:: INPUT FOR THIS TASK ::
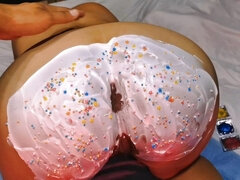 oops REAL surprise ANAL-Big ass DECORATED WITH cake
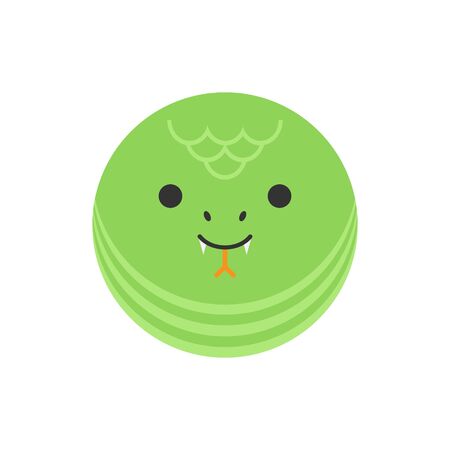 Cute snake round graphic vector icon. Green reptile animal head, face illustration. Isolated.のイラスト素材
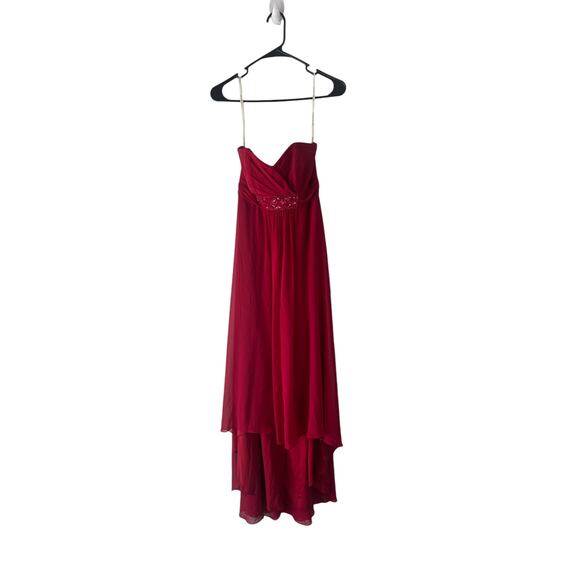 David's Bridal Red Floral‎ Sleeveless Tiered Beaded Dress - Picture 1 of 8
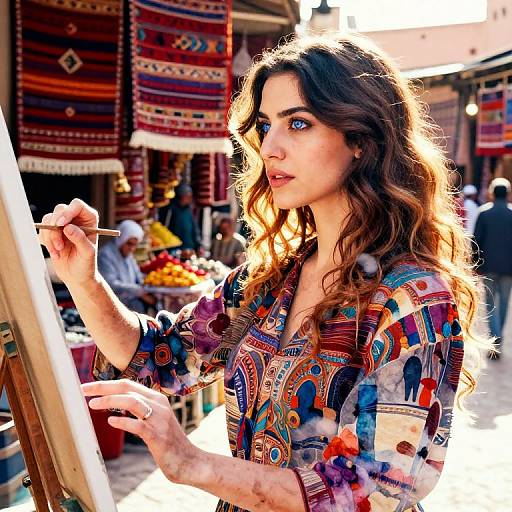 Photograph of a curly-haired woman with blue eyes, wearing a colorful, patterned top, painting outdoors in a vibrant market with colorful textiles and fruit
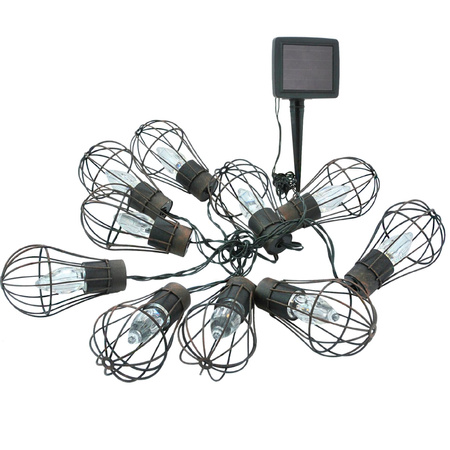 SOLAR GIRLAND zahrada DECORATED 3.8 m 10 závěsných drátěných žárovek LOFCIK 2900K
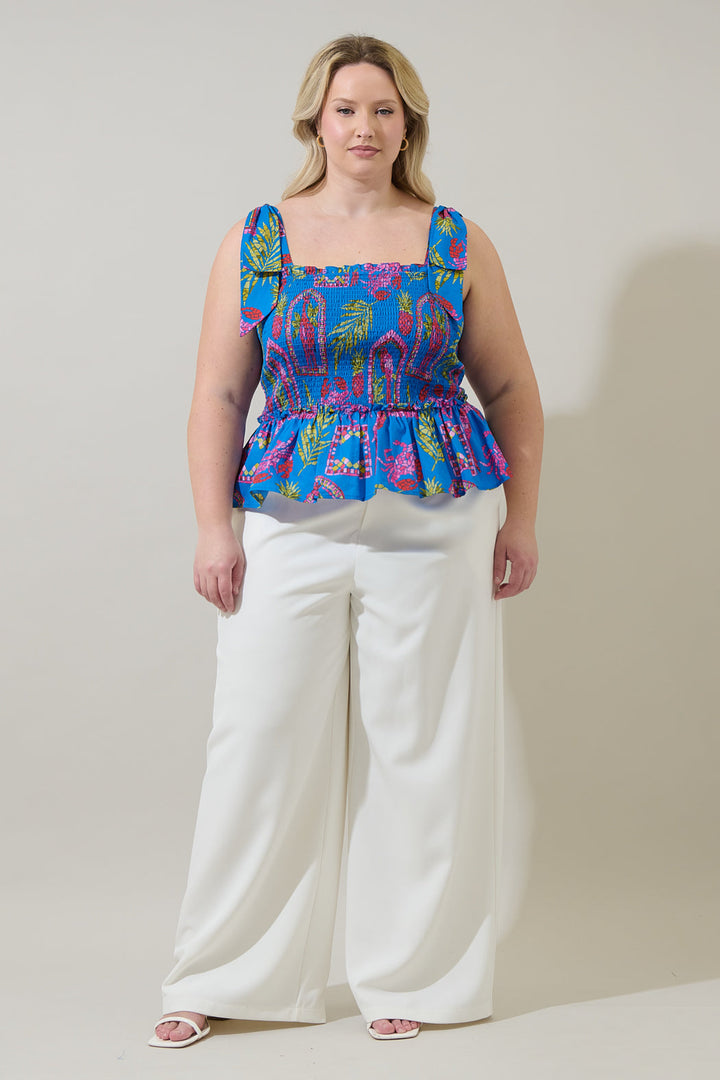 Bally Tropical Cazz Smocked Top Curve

--

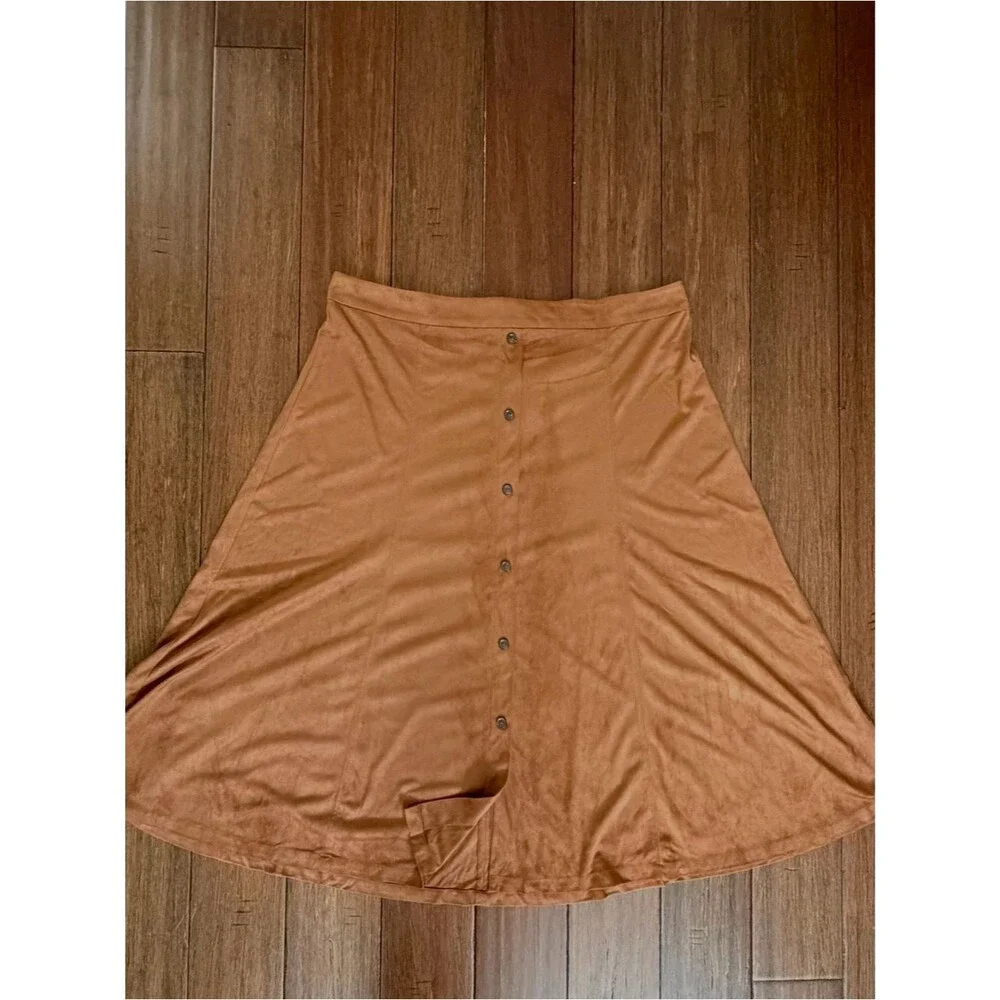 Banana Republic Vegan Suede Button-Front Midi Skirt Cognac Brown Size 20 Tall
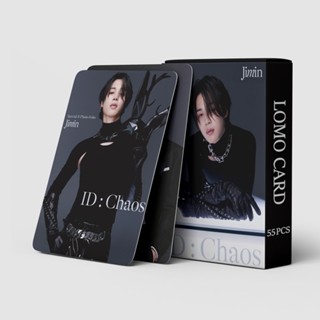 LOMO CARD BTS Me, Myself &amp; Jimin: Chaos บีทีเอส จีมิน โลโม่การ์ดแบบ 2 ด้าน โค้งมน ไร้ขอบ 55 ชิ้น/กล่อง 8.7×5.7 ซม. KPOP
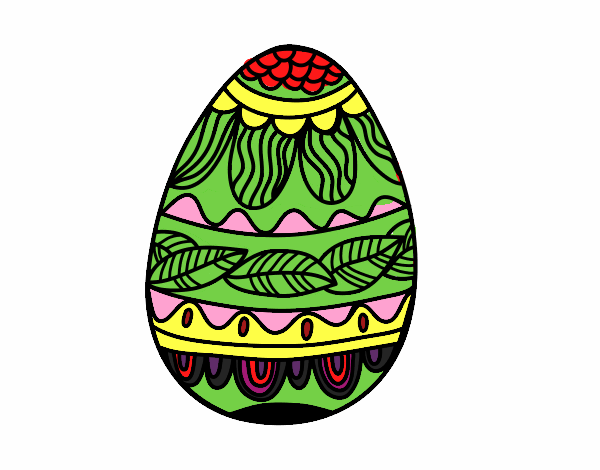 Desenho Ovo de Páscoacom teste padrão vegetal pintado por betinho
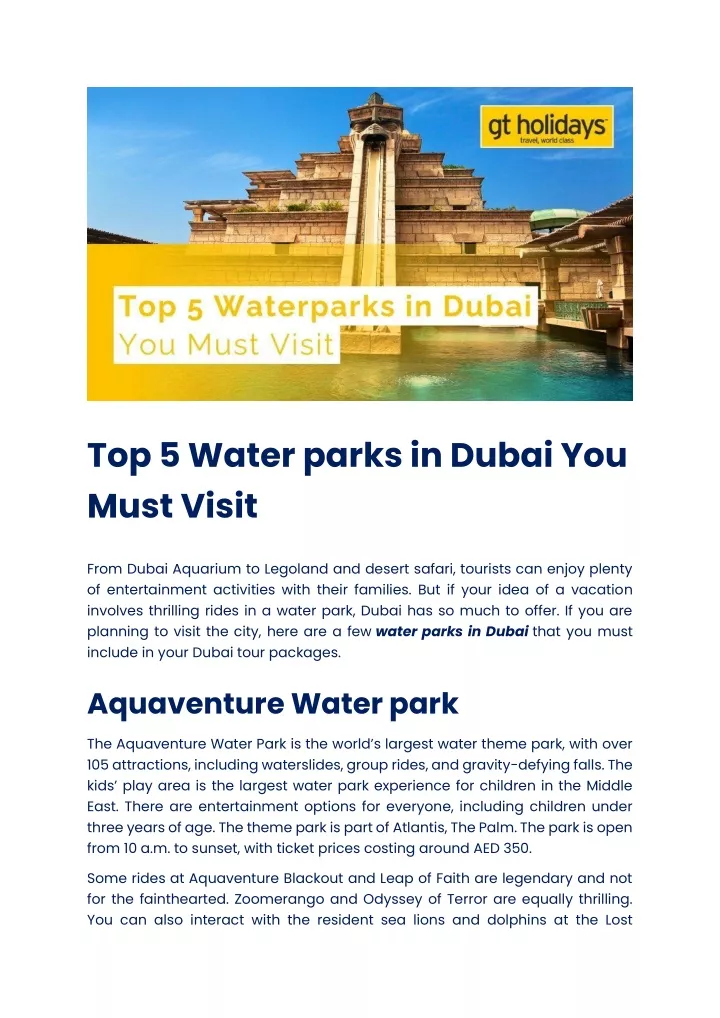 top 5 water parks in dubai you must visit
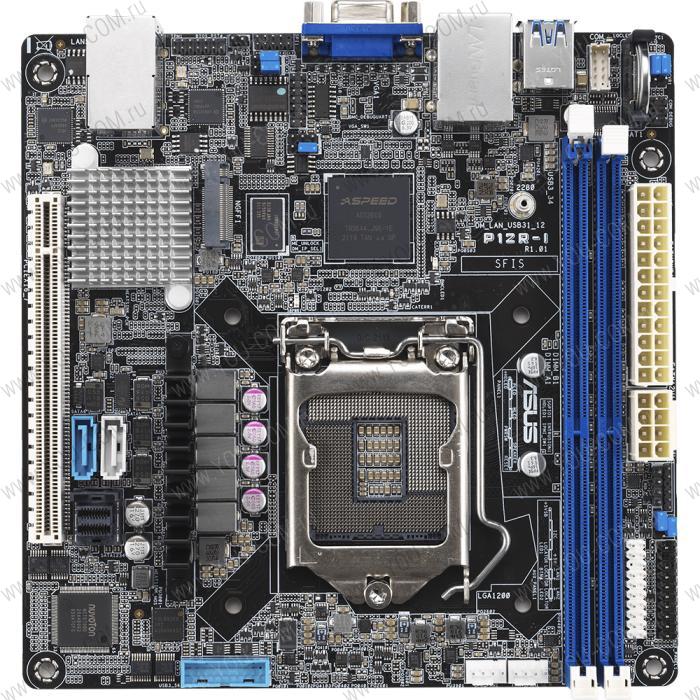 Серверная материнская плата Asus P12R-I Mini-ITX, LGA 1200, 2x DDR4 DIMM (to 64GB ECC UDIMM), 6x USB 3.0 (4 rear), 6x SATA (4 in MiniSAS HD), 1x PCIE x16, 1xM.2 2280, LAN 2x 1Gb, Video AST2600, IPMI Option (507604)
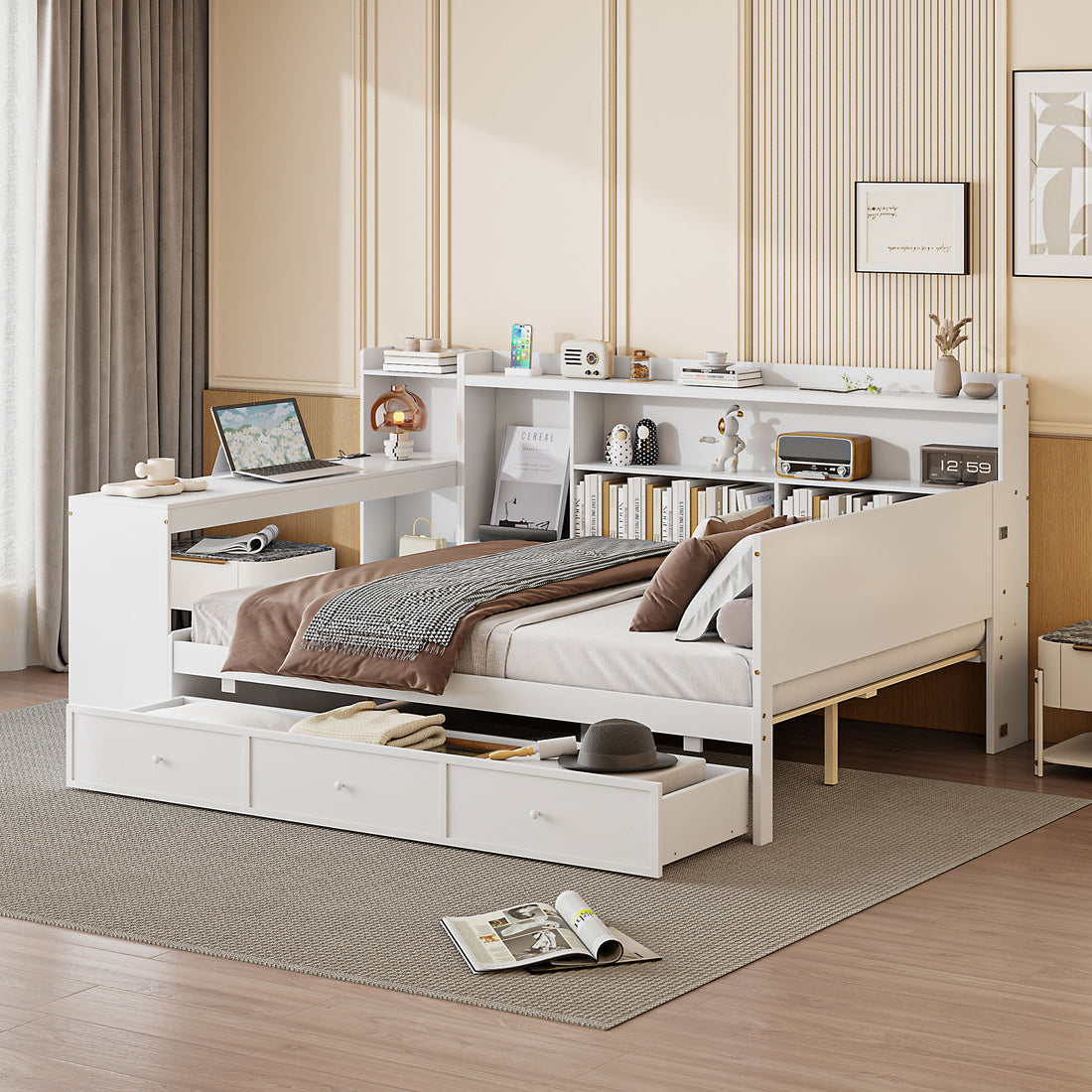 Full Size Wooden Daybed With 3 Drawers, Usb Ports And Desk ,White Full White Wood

==

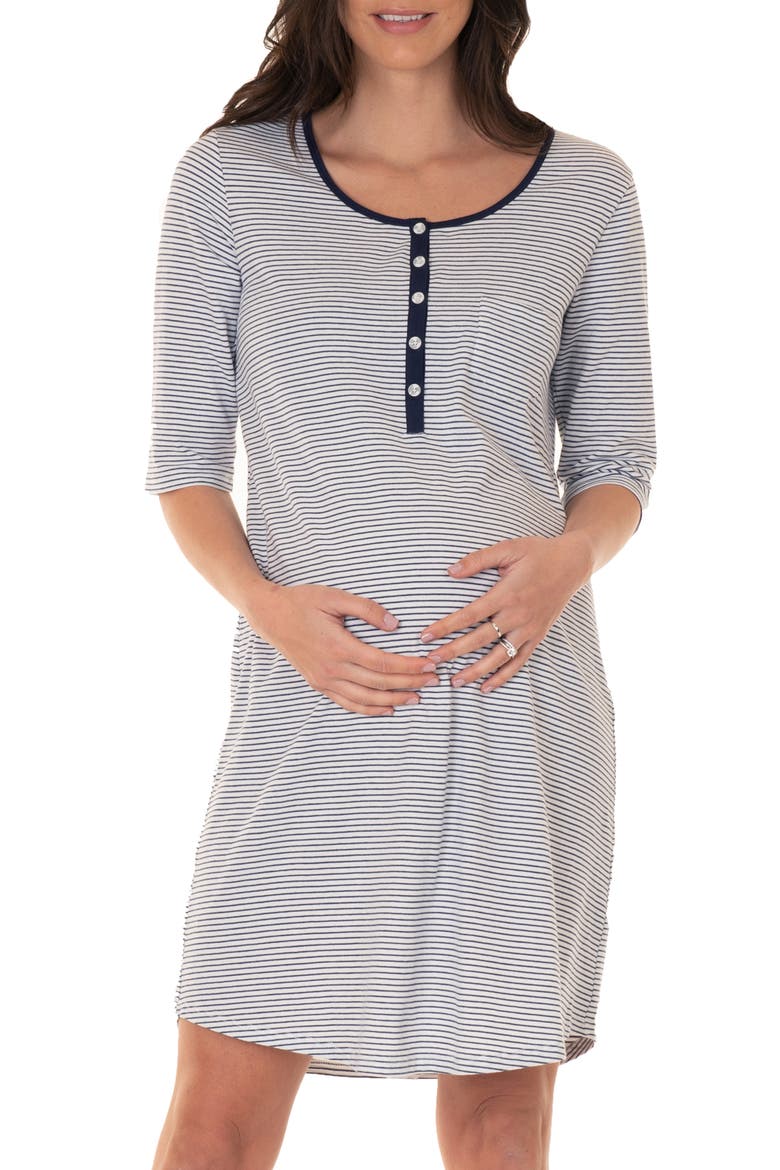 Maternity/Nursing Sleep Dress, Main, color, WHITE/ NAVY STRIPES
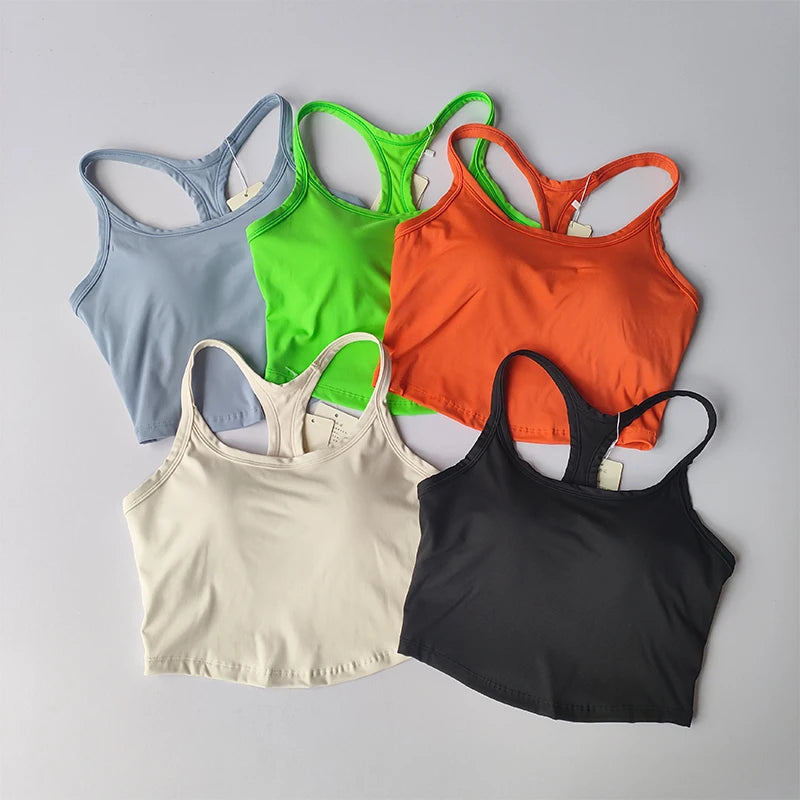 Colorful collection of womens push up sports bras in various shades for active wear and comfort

:: AIM OF THE TASK ::
Transcribe, word for word, the stretch of lines in the data above from the one with "Desenho Ovo de" through the one with "Full Size Wooden"; omit all pictures.

:: TASK RESULT ::
 Desenho Ovo de Páscoacom teste padrão vegetal pintado por betinho
 top 5 water parks in dubai you must visit
 Серверная материнская плата Asus P12R-I Mini-ITX, LGA 1200, 2x DDR4 DIMM (to 64GB ECC UDIMM), 6x USB 3.0 (4 rear), 6x SATA (4 in MiniSAS HD), 1x PCIE x16, 1xM.2 2280, LAN 2x 1Gb, Video AST2600, IPMI Option (507604)
 Full Size Wooden Daybed With 3 Drawers, Usb Ports And Desk ,White Full White Wood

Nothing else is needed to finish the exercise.